O Conselho da Federação Russa (que equivale ao Senado) dirigiu à ONU, aos parlamentos do mundo e às organizações interparlamentares, sobre os 25 anos da agressão à Iugoslávia, um chamado a condenar essa operação militar ilegal e a levar seus autores à justiça. A convocação pede, ainda, que se combata as tentativas de “distorcer a verdade histórica sobre os trágicos acontecimentos de 1999”.

Também o presidente dos comunistas russos, Gennady Ziuganov, se pronunciou sobre a data. “Os EUA, os anglo-saxões, os criadores da nova ordem mundial, estabeleceram a tarefa de esmagar todos os estados independentes. E usando, o exemplo da Iugoslávia, eles mostraram como continuariam a acabar com a Federação Russa”.

“No mês de março, com vários anos de intervalo, ocorreram três atentados e três massacres americanos”, acrescentou Ziuganov. “A Iugoslávia foi bombardeada em 24 de março, o Iraque e a Líbia em outros 19 de março.
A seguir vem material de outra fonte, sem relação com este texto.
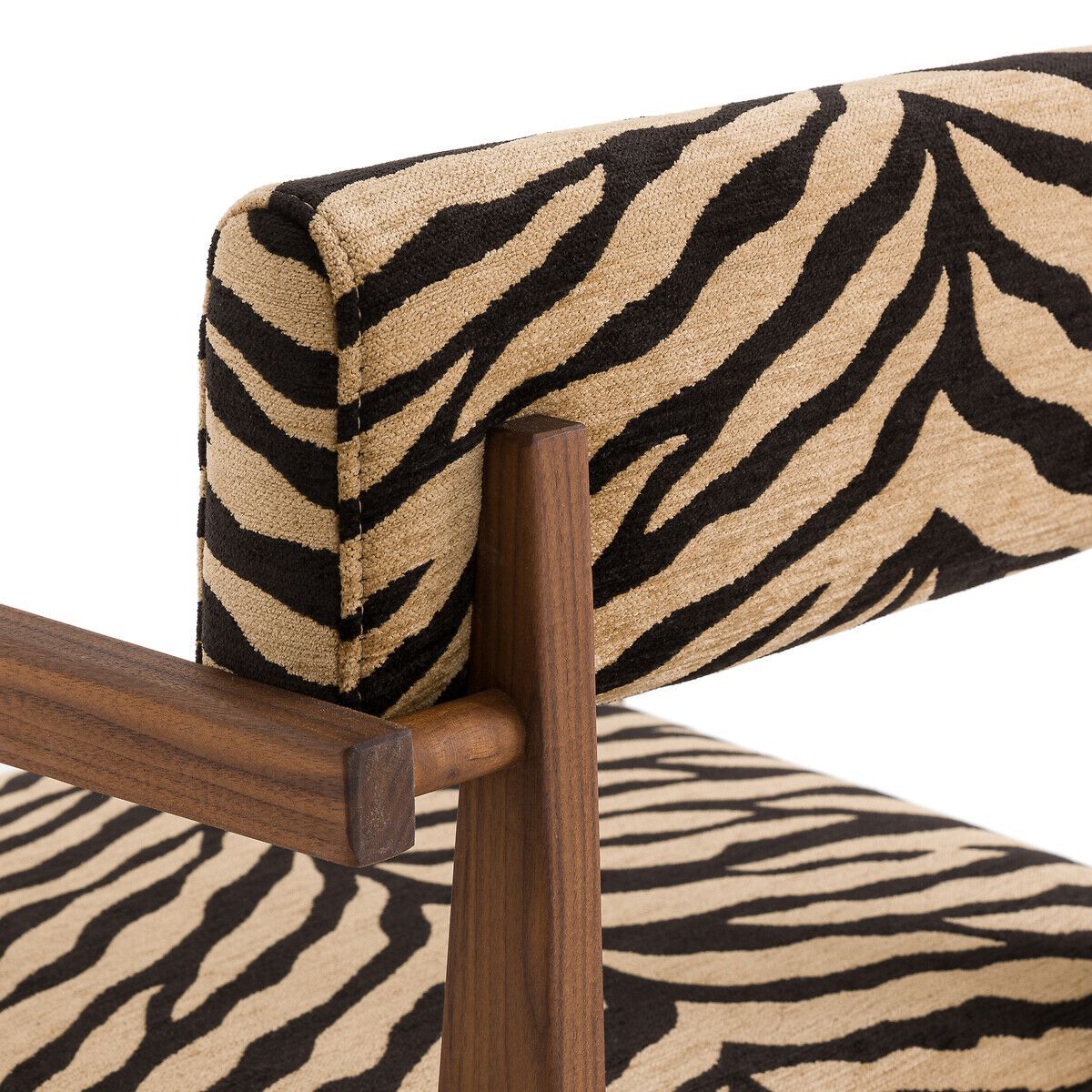 Мягкий тканевый стул с подлокотниками AMPM Izag ARCH-00108636 - Вид №4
Assim que os líderes dos países declararam a sua independência, caíram imediatamente sob fogo cruzado”.

“Quanto ao nosso país, tornamo-nos a primeira vítima da grande “revolução colorida”, que resultou no colapso traiçoeiro de uma grande potência – a URSS”.

“VOCÊ ESTÁ MATANDO NOSSOS IRMÃOS”

Para Ziuganov, Yeltsin, que caíra completamente sob o domínio dos americanos com seus Gaidars e Chubais, acordou pela primeira vez quando viu que eles haviam começado a bombardear a Iugoslávia.

“Se ele tivesse fornecido aos iugoslavos “agulhas” e “flechas”, nossos outros sistemas de defesa aérea, tudo teria sido diferente. Quando entregamos os nossos C-75 ao Vietnã, vinte e seis aviões americanos caíram do céu. E então eles não voaram por seis meses.”

Ele fez questão de lembrar a vontade, inteligência e coragem de Primakov, ao dar meia volta sobre o Atlântico, dizendo a Clinton: “por que voar até você? Afinal, você está matando nossos irmãos!”

Ziuganov lembrou do irmão do então presidente Slobodan Milosevic, Borislav, que era o embaixador iugoslavo em Moscou. “Ele e eu percorremos todos os escritórios, apelando às autoridades da época para que apoiassem mais decisivamente a Iugoslávia. Mas foi impossível encontrar uma resposta por parte do governo Yeltsin.”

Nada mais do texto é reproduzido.